**EXERCISE DATA**
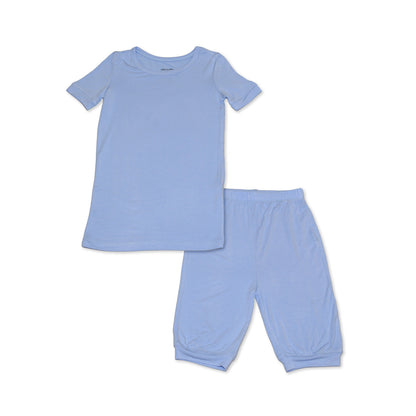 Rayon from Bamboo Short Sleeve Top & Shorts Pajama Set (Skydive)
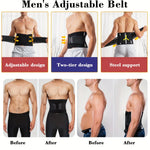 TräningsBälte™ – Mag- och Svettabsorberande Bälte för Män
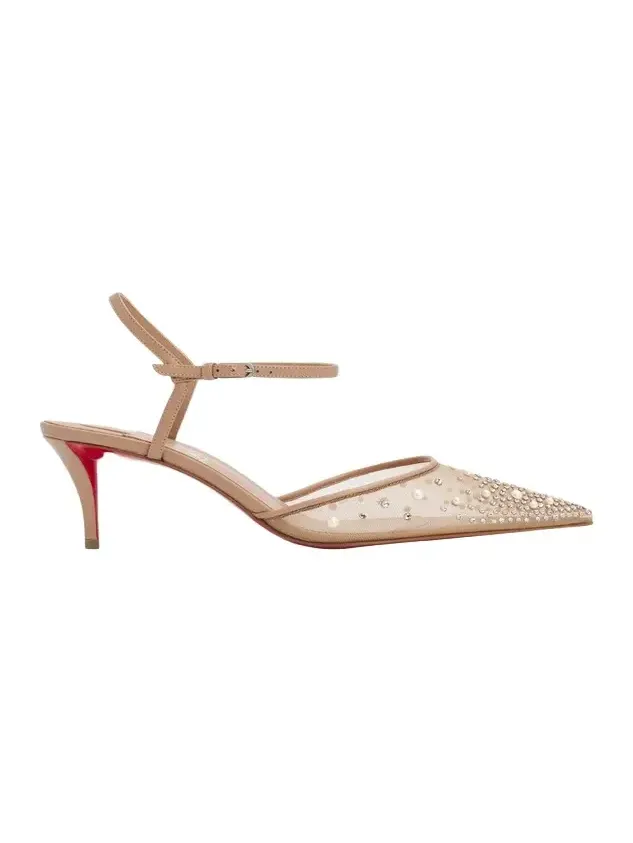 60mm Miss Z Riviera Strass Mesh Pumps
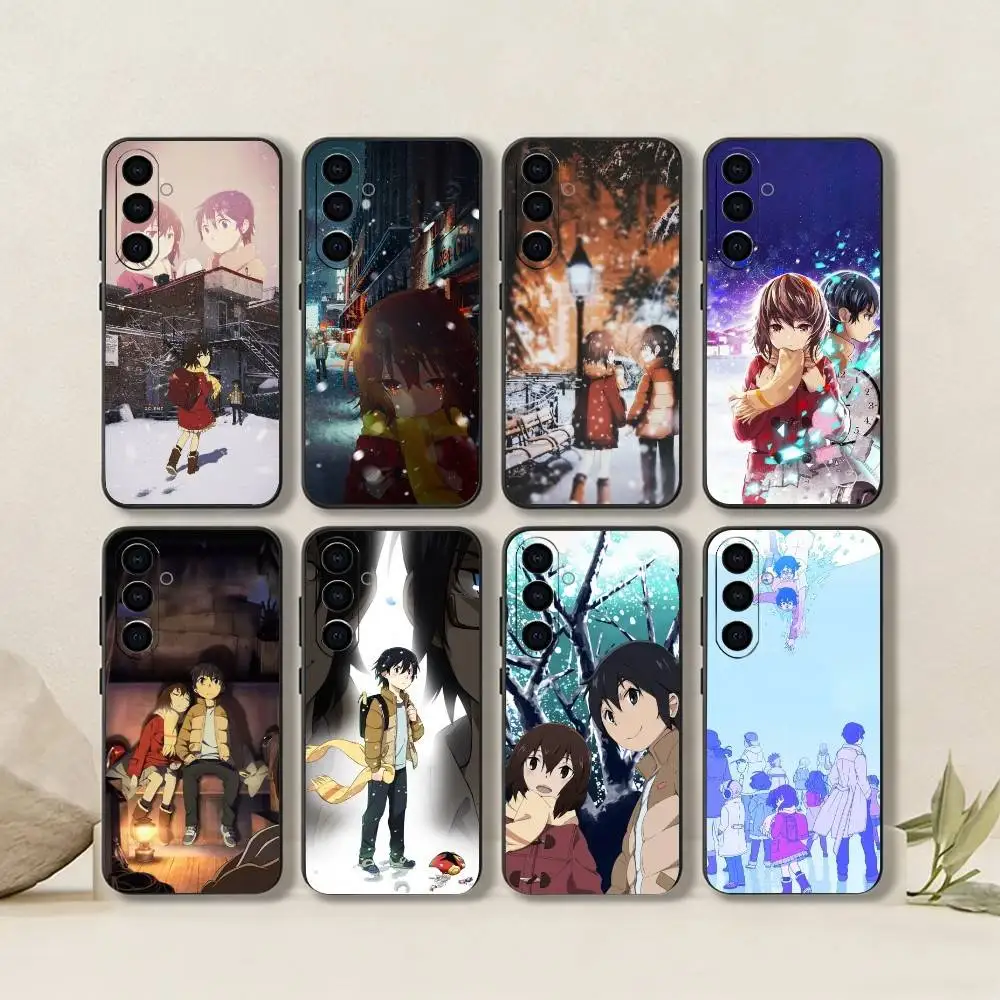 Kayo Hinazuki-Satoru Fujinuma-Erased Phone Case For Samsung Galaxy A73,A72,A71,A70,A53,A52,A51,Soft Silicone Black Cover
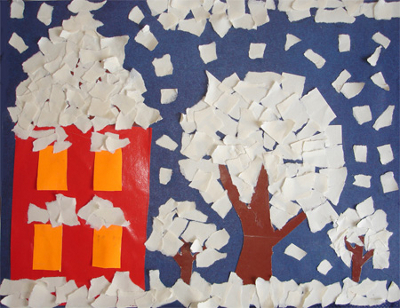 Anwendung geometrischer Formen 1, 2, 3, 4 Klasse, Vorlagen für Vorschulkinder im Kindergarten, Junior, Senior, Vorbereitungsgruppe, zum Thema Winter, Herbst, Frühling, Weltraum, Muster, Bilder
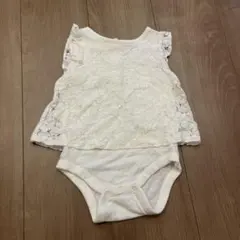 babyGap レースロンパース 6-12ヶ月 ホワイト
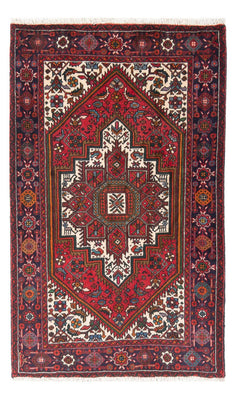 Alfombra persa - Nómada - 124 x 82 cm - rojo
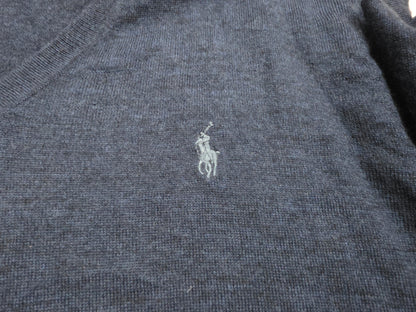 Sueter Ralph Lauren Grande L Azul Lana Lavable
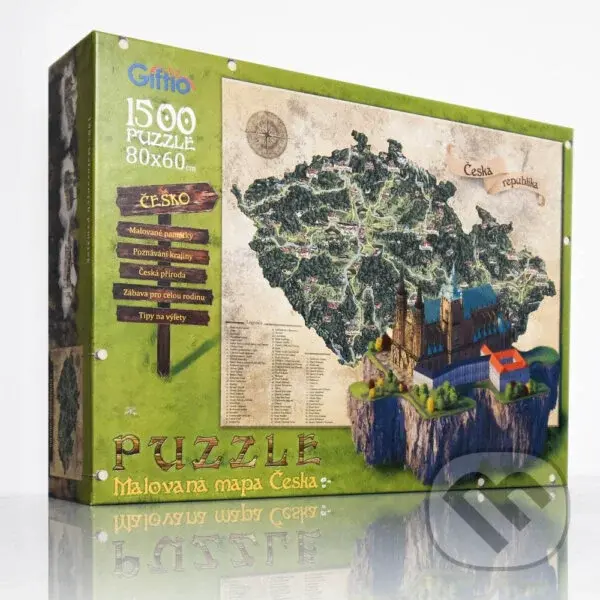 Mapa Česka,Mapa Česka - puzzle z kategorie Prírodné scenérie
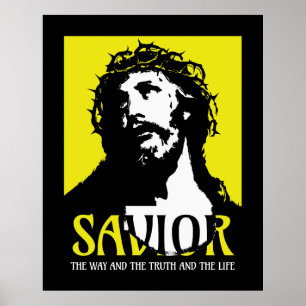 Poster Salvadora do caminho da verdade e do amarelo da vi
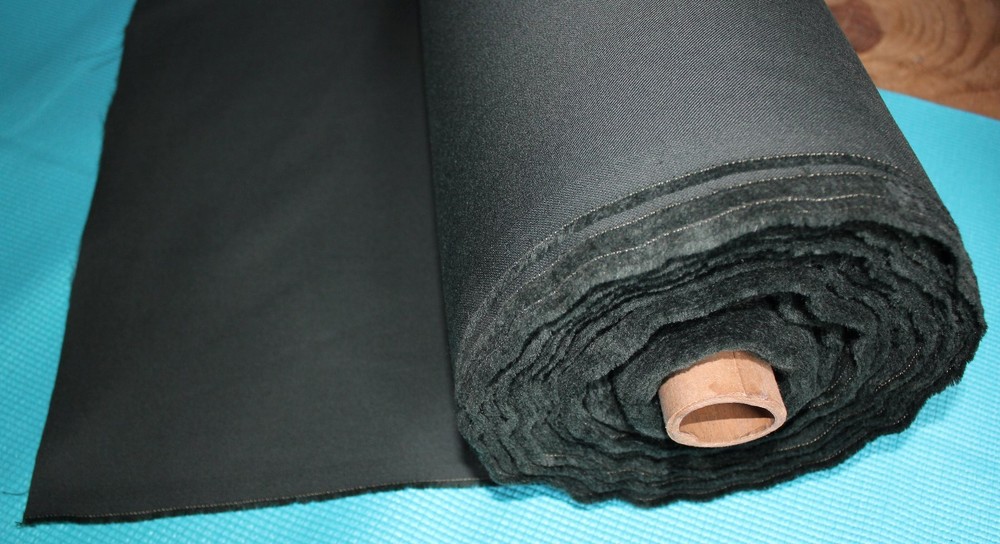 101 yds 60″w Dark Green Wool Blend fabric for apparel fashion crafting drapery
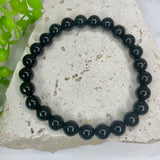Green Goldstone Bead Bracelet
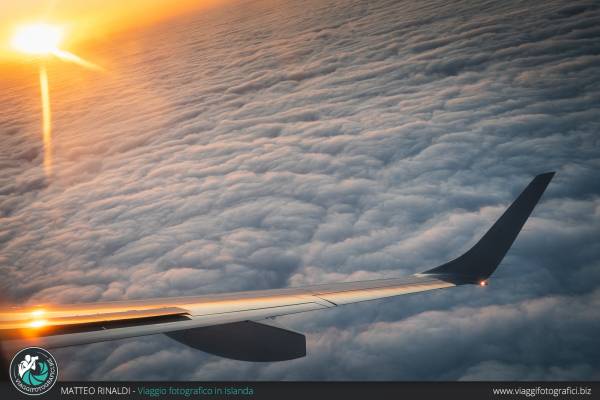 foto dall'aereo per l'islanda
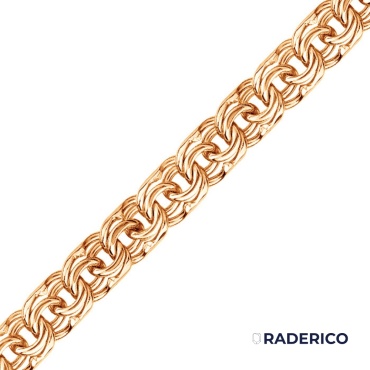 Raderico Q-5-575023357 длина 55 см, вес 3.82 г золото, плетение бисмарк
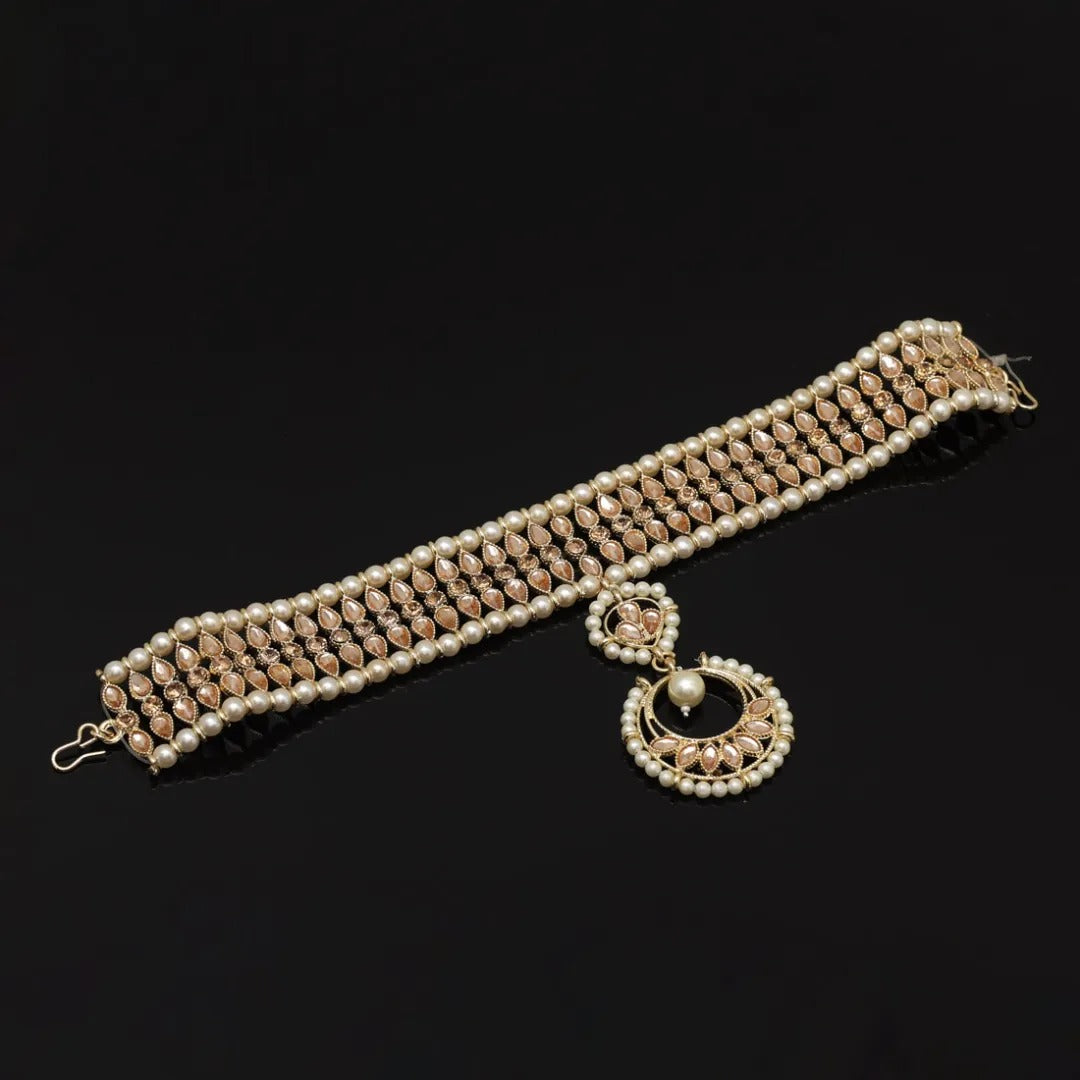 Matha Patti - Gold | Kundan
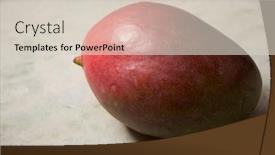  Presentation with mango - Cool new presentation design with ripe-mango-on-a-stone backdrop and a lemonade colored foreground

**PROBLEM REQUIREMENTS**
Restate all of the material above word for word. Pictures do not belong in it.

**WRITTEN ANSWER**
 Rayon from Bamboo Short Sleeve Top & Shorts Pajama Set (Skydive)
 TräningsBälte™ – Mag- och Svettabsorberande Bälte för Män
 60mm Miss Z Riviera Strass Mesh Pumps
 Kayo Hinazuki-Satoru Fujinuma-Erased Phone Case For Samsung Galaxy A73,A72,A71,A70,A53,A52,A51,Soft Silicone Black Cover
 Anwendung geometrischer Formen 1, 2, 3, 4 Klasse, Vorlagen für Vorschulkinder im Kindergarten, Junior, Senior, Vorbereitungsgruppe, zum Thema Winter, Herbst, Frühling, Weltraum, Muster, Bilder
 babyGap レースロンパース 6-12ヶ月 ホワイト
 Alfombra persa - Nómada - 124 x 82 cm - rojo
 Sueter Ralph Lauren Grande L Azul Lana Lavable
 Mapa Česka,Mapa Česka - puzzle z kategorie Prírodné scenérie
 Poster Salvadora do caminho da verdade e do amarelo da vi
 101 yds 60″w Dark Green Wool Blend fabric for apparel fashion crafting drapery
Green Goldstone Bead Bracelet
 foto dall'aereo per l'islanda
 Raderico Q-5-575023357 длина 55 см, вес 3.82 г золото, плетение бисмарк
 Matha Patti - Gold | Kundan
  Presentation with mango - Cool new presentation design with ripe-mango-on-a-stone backdrop and a lemonade colored foreground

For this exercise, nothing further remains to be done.